Ahmed Ouyahia a tout simplement observé l’évolution des rapports de force entre le nouveau président civil, Bouteflika, et les anciens généraux qui tiennent le pays depuis 1992. Il a vu que ses protecteurs n’ont pas pu lui éviter en 2002 l’effondrement de son parti, le RND, passé en un jour de 155 à 48 députés à l’Assemblée nationale. Personne n’a rien pu pour lui. Zerhouni, le ministre de l’Intérieur, a laissé jouer les urnes et la façade RND a explosé. C’est sans doute déjà en ces journées pénibles de début juin 2002 où, sous les quolibets de la déconfiture électorale, il a dû quitter l’hôtel du Mouflon d’Or laissant le congrès du RND sans tête, qu’il a pris sa résolution: si les généraux ne peuvent pas plus que cela pour moi, alors mon avenir est ailleurs. Et puis, c’est l’air du temps qui le veut. Bouteflika surfe sur la vague impériale américaine, il a des amis au Texas, à Paris et dans le Golfe arabe. Là où ça compte... finalement plus qu’aux Tagarins et à Dely Brahim. En choisissant Bouteflika, Ouyahia l’a joué «branché». Car, devine-t-il, il devient ringard d’avoir des parrains nationaux, militaires a fortiori. Alors si en plus ils n’apportent plus aucune garantie de succès électoral...

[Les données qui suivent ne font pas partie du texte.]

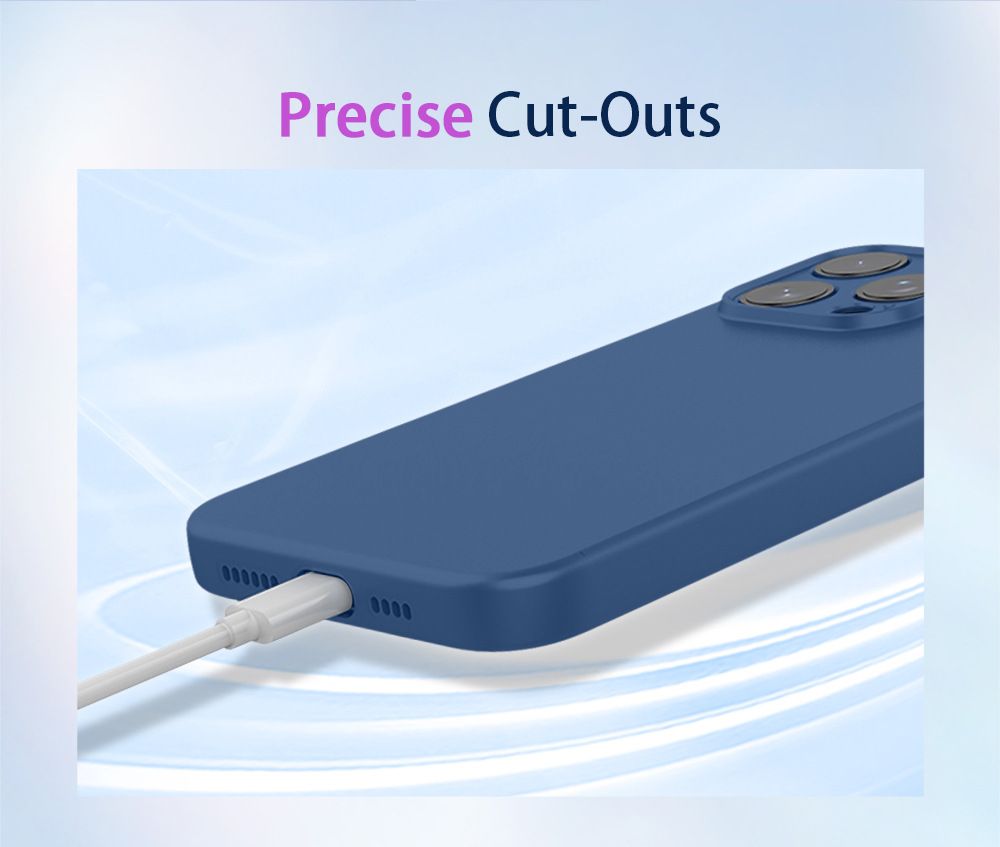 Silicone Liquid Soft And Smooth Touch Phone Case For Nothing Phone (2) / (1) / (2A) Shock-Absorbing Thin Cover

Le passage de Ahmed Ouyahia - un homme politique qui compte - de «sous une tutelle militaire» à «sous une tutelle civile» est un événement important. Il pourrait signifier que le pouvoir réel glisse lentement du côté du pouvoir formel. Les politiques civils - en l’occurrence le camp présidentiel aujourd’hui - auraient les moyens de se protéger de l’influence jusqu’ici décisive de l’armée.
La trahison de Ahmed Ouyahia, le Poutine algérien, outre le fait qu’elle le fait plus ressembler désormais à Nicolas Sarkozy lâchant son «père» Chirac pour Balladur en 1995, serait donc - à l’échelle du sérail - un acte fondateur d’une modernité politique. Pas tout à fait, hélas. Car le style, lui, ne s’est pas émancipé. Il est toujours totalement vissé sur le seul objectif de durer et d’obtenir de l’avancement. Un peu comme à la caserne. Il faut donc se faire tout petit. La preuve ? Ahmed Ouyahia apprend comme tout le monde les noms des ministres du gouvernement qu’il dirige à la télévision. Ou presque. La Constitution dit pourtant que c’est lui qui propose les ministres au chef de l’Etat qui les nomme. Avec Ahmed Ouyahia bis, la fonction de chef du gouvernement, martyrisée depuis 10 ans, plonge un peu plus vers le service d’étage. Tous les moyens ne sont pas bons pour arriver. Même en politique.